TASK INSTRUCTIONS: In your copy, leave out the pictures and repeat every record exactly.

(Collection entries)
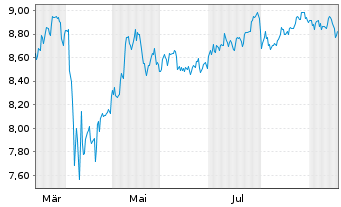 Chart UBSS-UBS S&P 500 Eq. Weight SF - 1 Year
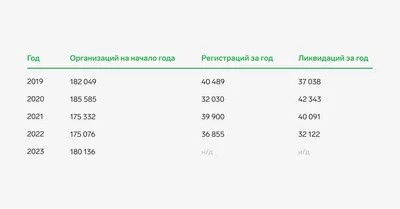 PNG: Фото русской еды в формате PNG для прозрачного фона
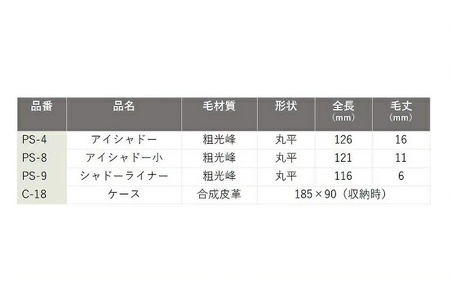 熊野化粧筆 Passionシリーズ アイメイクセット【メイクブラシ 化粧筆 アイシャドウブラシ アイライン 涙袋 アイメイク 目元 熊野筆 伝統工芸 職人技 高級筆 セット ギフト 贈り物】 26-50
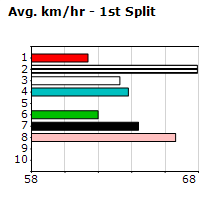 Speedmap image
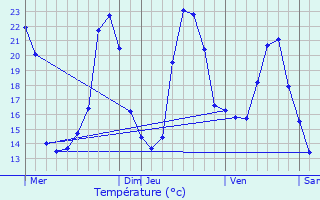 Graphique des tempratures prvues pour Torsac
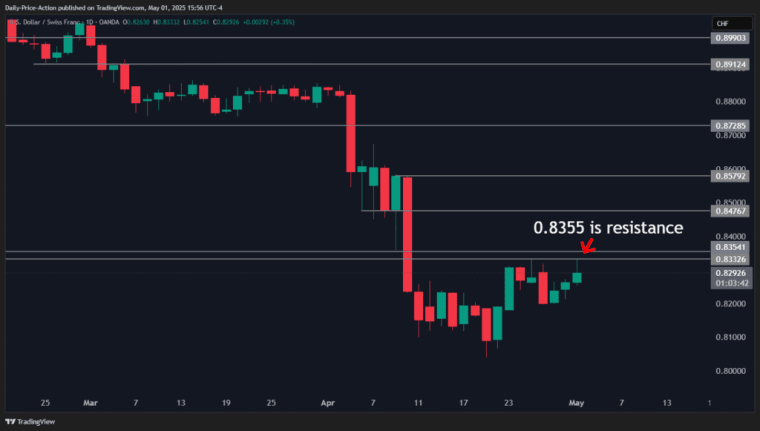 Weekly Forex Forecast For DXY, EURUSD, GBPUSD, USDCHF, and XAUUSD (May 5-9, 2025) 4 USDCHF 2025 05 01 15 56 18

OUTPUT OF THE EXERCISE:
 Chart UBSS-UBS S&P 500 Eq. Weight SF - 1 Year
 PNG: Фото русской еды в формате PNG для прозрачного фона
 熊野化粧筆 Passionシリーズ アイメイクセット【メイクブラシ 化粧筆 アイシャドウブラシ アイライン 涙袋 アイメイク 目元 熊野筆 伝統工芸 職人技 高級筆 セット ギフト 贈り物】 26-50
 Speedmap image
 Graphique des tempratures prvues pour Torsac
 Weekly Forex Forecast For DXY, EURUSD, GBPUSD, USDCHF, and XAUUSD (May 5-9, 2025) 4 USDCHF 2025 05 01 15 56 18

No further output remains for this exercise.